General-purpose char buffer used as array of structs with flexible array member

Question

You can't have arrays of structures with flexible array members.

This is the TL;DR of this question. And thinking about it, it makes perfect sense.

However, may one simulate an array of structures with flexible array member - let's call them swfam - of fixed size as below :

#include <assert.h>
#include <stdlib.h>


typedef struct {
    int foo;
    float bar[];
} swfam_t; // struct with FAM

typedef struct { // this one also has a FAM but we could have used a char array instead
    size_t size,  // element count in substruct
           count; // element count in this struct
    char data[];
} swfam_array_t;


#define sizeof_swfam(size) (sizeof(swfam_t) + (size_t)(size) * sizeof(float))


swfam_array_t *swfam_array_alloc(size_t size, size_t count) {
    swfam_array_t *a = malloc(sizeof(swfam_array_t) + count * sizeof_swfam(size));

    if (a) {
        a->size = size;
        a->count = count;
    }

    return a;
}

size_t swfam_array_index(swfam_array_t *a, size_t index) {
    assert(index < a->count && "index out of bounds");
    return index * sizeof_swfam(a->size);
}

swfam_t *swfam_array_at(swfam_array_t *a, size_t index) {
    return (swfam_t *)&a->data[swfam_array_index(a, index)];
}


int main(int argc, char *argv[]) {
    swfam_array_t *a = swfam_array_alloc(100, 1000);
    assert(a && "allocation failed");

    swfam_t *s = swfam_array_at(a, 42);

    s->foo = -18; // do random stuff..
    for (int i = 0; i < 1000; ++i)
        s->bar[i] = (i * 3.141592f) / s->foo;

    free(a);
    return 0;
}

Is the trick valid C99 / C11 ? Am I lurking towards undefined behaviour ?

Answer 1

One way to do this would be to use a pointer member instead of a flexible array.
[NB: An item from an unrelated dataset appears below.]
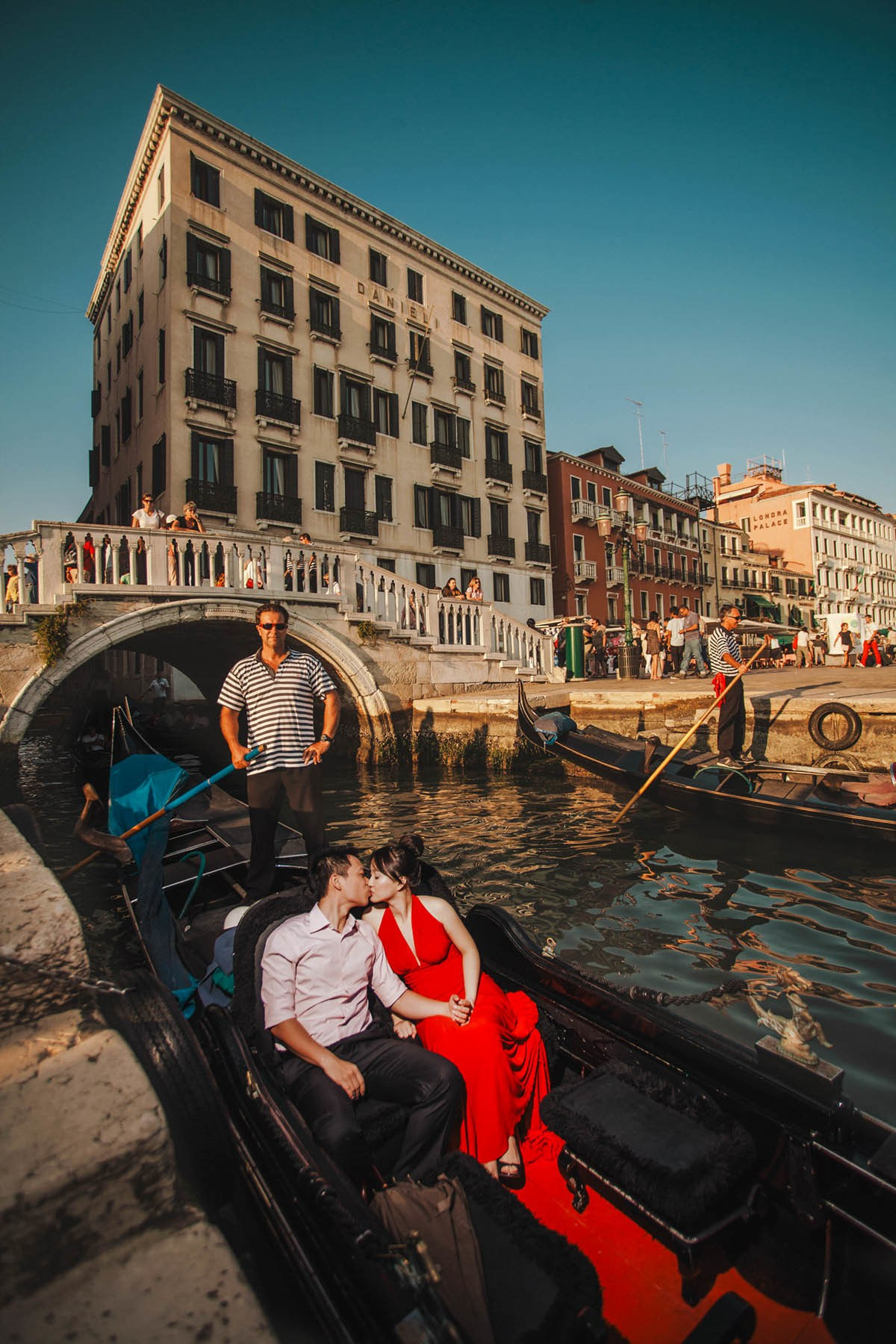 Woman in stylish red dress kissed by partner awaiting gondola near Hotel Danieli Venice.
You would then have to manually allocate its size via malloc() et. al. [] is typically used only when the array is initialized on declaration, which is not possible with struct, which is essentially a definition, not a declaration. The ability to immediately declare an instance of the struct type does not change the nature of the definition, it's just for convenience.

typedef struct {
    int foo;
    float* bar; } swfam_t; // struct with FAM